老人と若い女──というぐらいの情報しかここにはないが、今の感覚で考えるとおそらく間違える。老人とはいっても、たぶん、50代だろうし、若い女といっても、10代かもしれない。これが今だと、80代の「老人」と、30代の「若い女」ぐらいが相場だろう。
高井が出て行ったあと、謙作は信行へ返事を書く。その手紙を書き終わったあとの描写が素晴らしい。
彼が座り疲れた身体を起こし、その手紙を頼みに立って行くと、玄関の狭い廂合(ひあわ)いから差込んで来る西日で、いつもは薄暗い廊下の縁板が熱くなっていた。

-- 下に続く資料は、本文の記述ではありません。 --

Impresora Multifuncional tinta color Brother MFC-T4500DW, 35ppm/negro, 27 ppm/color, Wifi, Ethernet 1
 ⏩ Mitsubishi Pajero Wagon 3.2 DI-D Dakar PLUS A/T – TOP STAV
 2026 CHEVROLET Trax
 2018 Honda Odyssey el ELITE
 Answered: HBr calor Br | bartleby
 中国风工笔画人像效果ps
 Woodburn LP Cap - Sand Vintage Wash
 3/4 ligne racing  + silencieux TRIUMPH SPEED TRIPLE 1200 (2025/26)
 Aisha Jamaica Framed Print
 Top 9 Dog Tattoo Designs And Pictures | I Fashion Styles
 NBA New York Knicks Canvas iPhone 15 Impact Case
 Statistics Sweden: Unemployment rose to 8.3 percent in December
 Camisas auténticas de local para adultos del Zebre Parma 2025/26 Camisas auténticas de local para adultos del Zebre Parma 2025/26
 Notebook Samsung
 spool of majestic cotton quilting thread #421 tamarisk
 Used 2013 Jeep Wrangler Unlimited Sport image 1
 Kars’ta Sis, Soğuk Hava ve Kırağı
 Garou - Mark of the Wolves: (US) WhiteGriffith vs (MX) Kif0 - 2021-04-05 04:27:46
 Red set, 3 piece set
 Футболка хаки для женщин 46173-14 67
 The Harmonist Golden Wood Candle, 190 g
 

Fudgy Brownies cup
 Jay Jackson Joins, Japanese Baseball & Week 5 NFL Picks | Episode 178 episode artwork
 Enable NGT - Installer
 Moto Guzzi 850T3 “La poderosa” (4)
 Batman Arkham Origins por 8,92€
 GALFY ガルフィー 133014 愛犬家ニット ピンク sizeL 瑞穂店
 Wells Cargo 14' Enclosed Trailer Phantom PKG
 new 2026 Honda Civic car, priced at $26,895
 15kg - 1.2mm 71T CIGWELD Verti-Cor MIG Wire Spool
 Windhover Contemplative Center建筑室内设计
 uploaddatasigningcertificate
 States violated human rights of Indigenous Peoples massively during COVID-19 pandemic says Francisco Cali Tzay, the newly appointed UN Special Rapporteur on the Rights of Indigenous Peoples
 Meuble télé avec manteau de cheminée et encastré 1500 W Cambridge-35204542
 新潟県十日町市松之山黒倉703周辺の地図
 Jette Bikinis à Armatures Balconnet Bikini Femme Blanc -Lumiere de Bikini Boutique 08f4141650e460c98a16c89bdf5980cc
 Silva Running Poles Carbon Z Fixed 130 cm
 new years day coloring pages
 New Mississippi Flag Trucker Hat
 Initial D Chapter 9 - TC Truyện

何ということもない描写だが、手紙を書くために座っていた謙作が、よっこらしょと立ち上がって廊下に出ると、その縁板が西日のために熱くなっていた、というのだ。だからどうした、ということではなくて、こうした冴えた描写によって、謙作が住んでいる家の構造やら、位置やらが、立体的に浮かび上がってくる。さらには、疲れた体に、足からしみこんでくる板の「熱さ」が、謙作には心地よく感じられただろうと思うと、一種の心理描写ともなっているわけで、その巧みさに驚かされるのだ。
その後の、「帰ってくる高井」の様子の描写も見事だ。これ以上簡潔には書けないというほど、高井の行動を写している。
彼は少時(しばらく)して湯に入り、また前日のように団扇を持って腰を下ろしていた。遥か荒神橋の方から何気ない真顔で、急足(いそぎあし)に帰って来る高井の姿が眼に入った。そして前まで来ると今度は割りに大胆にその方を見ていた。間もなく高井は一枚橋を渡って微笑しながら帰って来た。
「よく見た」
「そうだろう。恐らく一度で僕よりよく見たらしい」
「あれは君、鳥毛立屏風の美人だ」突然こんな事を高井がいった。この評は割りに適評であり、謙作には大変感じのいい評であった。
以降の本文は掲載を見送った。